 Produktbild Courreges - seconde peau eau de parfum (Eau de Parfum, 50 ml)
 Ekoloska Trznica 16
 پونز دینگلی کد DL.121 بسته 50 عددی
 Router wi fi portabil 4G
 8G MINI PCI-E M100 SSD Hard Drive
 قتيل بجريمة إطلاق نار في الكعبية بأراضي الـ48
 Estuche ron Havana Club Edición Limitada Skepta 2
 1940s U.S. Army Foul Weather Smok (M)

++++++++++

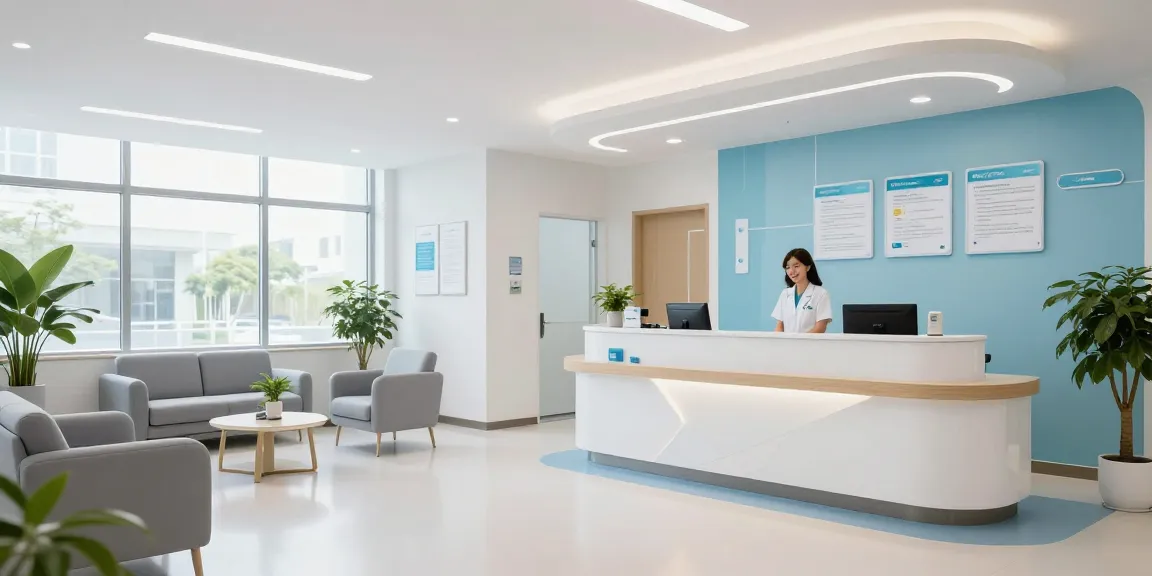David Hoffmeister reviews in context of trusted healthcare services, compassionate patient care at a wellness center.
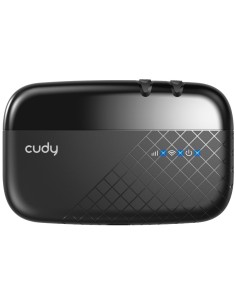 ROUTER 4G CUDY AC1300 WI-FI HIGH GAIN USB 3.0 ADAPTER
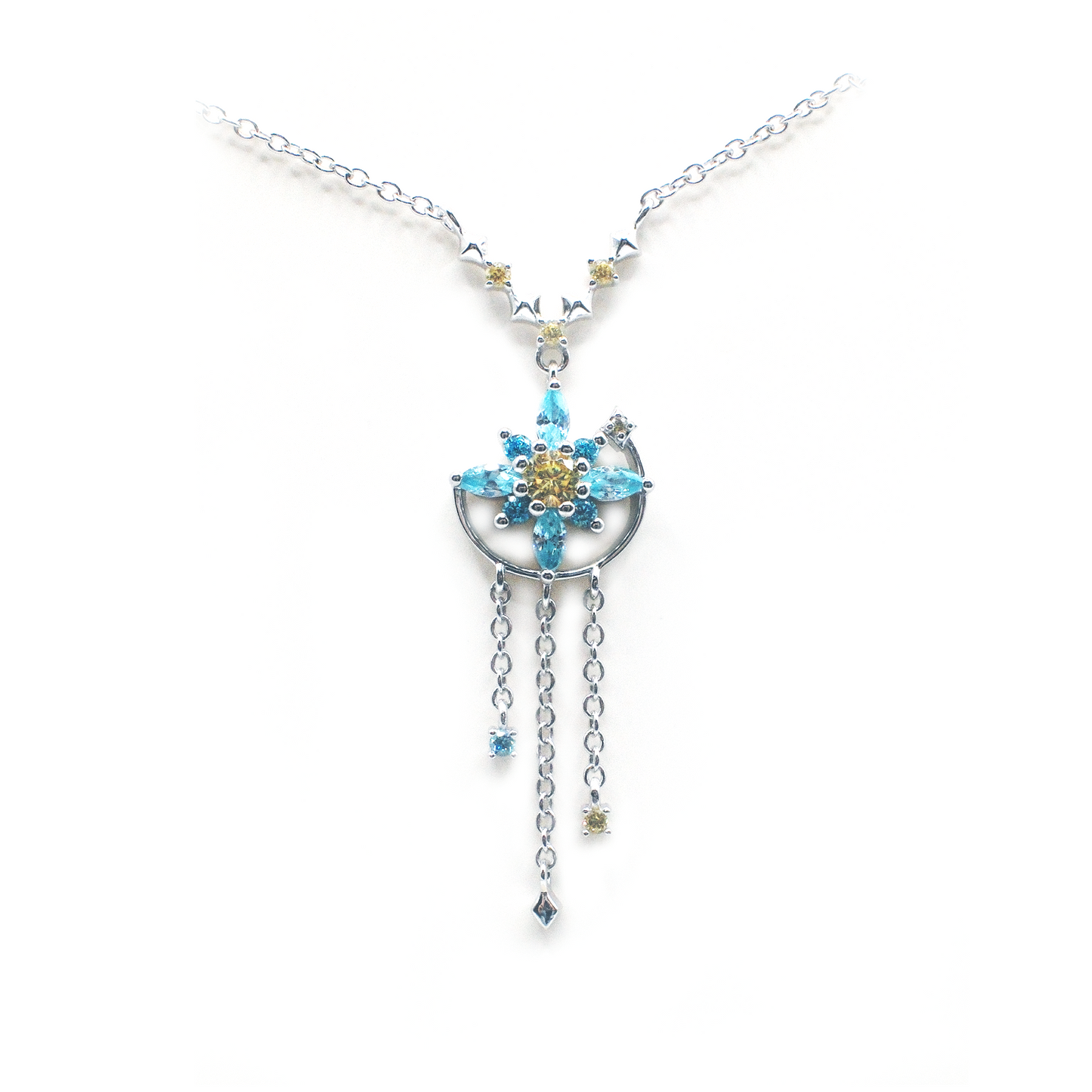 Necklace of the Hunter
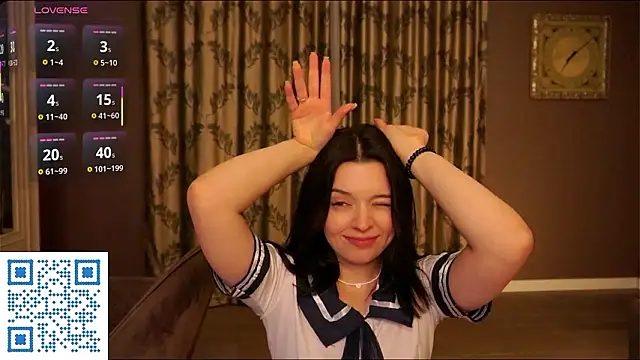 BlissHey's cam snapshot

++++++++++

- [Task description]
Give an exact copy of the lines above from the line with "Estuche ron Havana" up to and including the line with "1940s U.S. Army Foul Weather Smok (M)", and leave everything else out.

- [Result below]
 Estuche ron Havana Club Edición Limitada Skepta 2
 1940s U.S. Army Foul Weather Smok (M)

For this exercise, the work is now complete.